### House Prices - Advanced Regression Techniques


Author: Juan Manuel González Kapnik

Starting date: Jul 29, 2023

"Ask a home buyer to describe their dream house, and they probably won't begin with the height of the basement ceiling or the proximity to an east-west railroad. But this playground competition's dataset proves that much more influences price negotiations than the number of bedrooms or a white-picket fence.

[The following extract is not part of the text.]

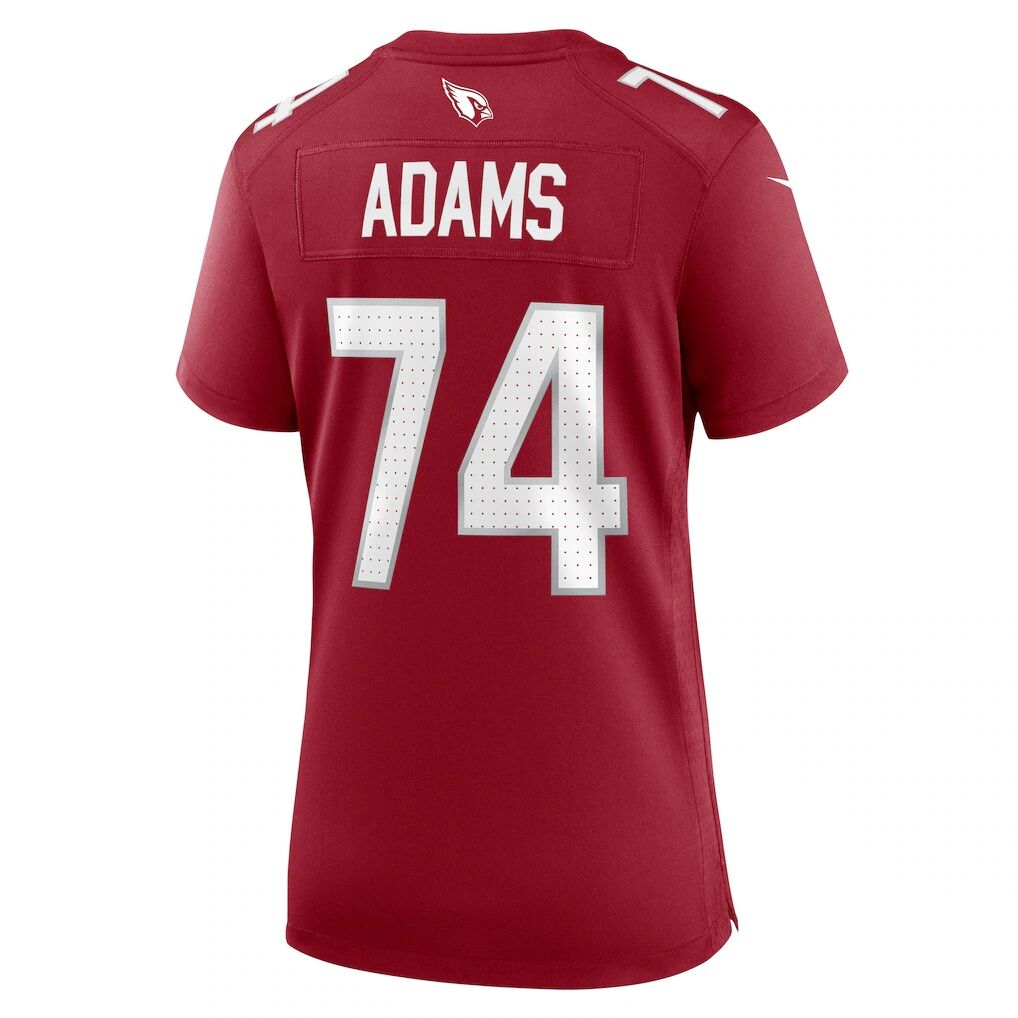 Isaiah Adams Arizona Cardinals Nike Women's  Game Jersey -  Cardinal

With 79 explanatory variables describing (almost) every aspect of residential homes in Ames, Iowa, this competition challenges you to predict the final price of each home."

**Practice skills**
* Creative feature engineering 
* Advanced regression techniques like random forest and gradient boosting

**Goal**

"It is your job to predict the sales price for each house. For each Id in the test set, you must predict the value of the `SalePrice` variable."

# 1. Importing Libraries

In [15]:
# Data Handling
import pandas as pd
import numpy as np

# Warnings
import warnings

# Statistics
import scipy.stats as stats
from scipy.stats import skew
from scipy.special import boxcox1p
from scipy.stats import boxcox_normmax

# Charts
import matplotlib.pyplot as plt
import matplotlib.patches as mpatches
import seaborn as sns

# Machine Learning
from sklearn.svm import SVR
from sklearn.linear_model import LinearRegression
from sklearn.ensemble import GradientBoostingRegressor, RandomForestRegressor, AdaBoostRegressor
from xgboost import XGBRegressor
from lightgbm import LGBMRegressor
from catboost import CatBoostRegressor
from mlxtend.regressor import StackingCVRegressor

from sklearn.impute import SimpleImputer
from sklearn.metrics import mean_squared_error, r2_score, mean_absolute_error
from sklearn.model_selection import train_test_split, GridSearchCV
from sklearn.preprocessing import RobustScaler, StandardScaler, LabelEncoder


Libraries config

In [13]:
# Pandas display all columns
pd.set_option('display.max.columns', None)

# Ignore warnings
warnings.filterwarnings('ignore')

# Display chart below code
%matplotlib inline

Plot style config

In [16]:
def plot_style(ax):
    sns.despine(top=True, right=True, left=False, bottom=False)
    ax.spines['bottom'].set_color('gray')
    ax.spines['left'].set_color('gray')
    ax.tick_params(colors='gray')
    ax.xaxis.label.set_color('gray')
    ax.yaxis.label.set_color('gray')

# 2. Loading Datasets

In [6]:
train_df = pd.read_csv('../data/raw/train.csv')
test_df = pd.read_csv('../data/raw/test.csv')

# 3. Basic Analysis

Checking data shape

In [18]:
print(f'Train dataframe has {train_df.shape[0]} records and {train_df.shape[1]} features')
print(f'Test dataframe has {test_df.shape[0]} records and {test_df.shape[1]} features')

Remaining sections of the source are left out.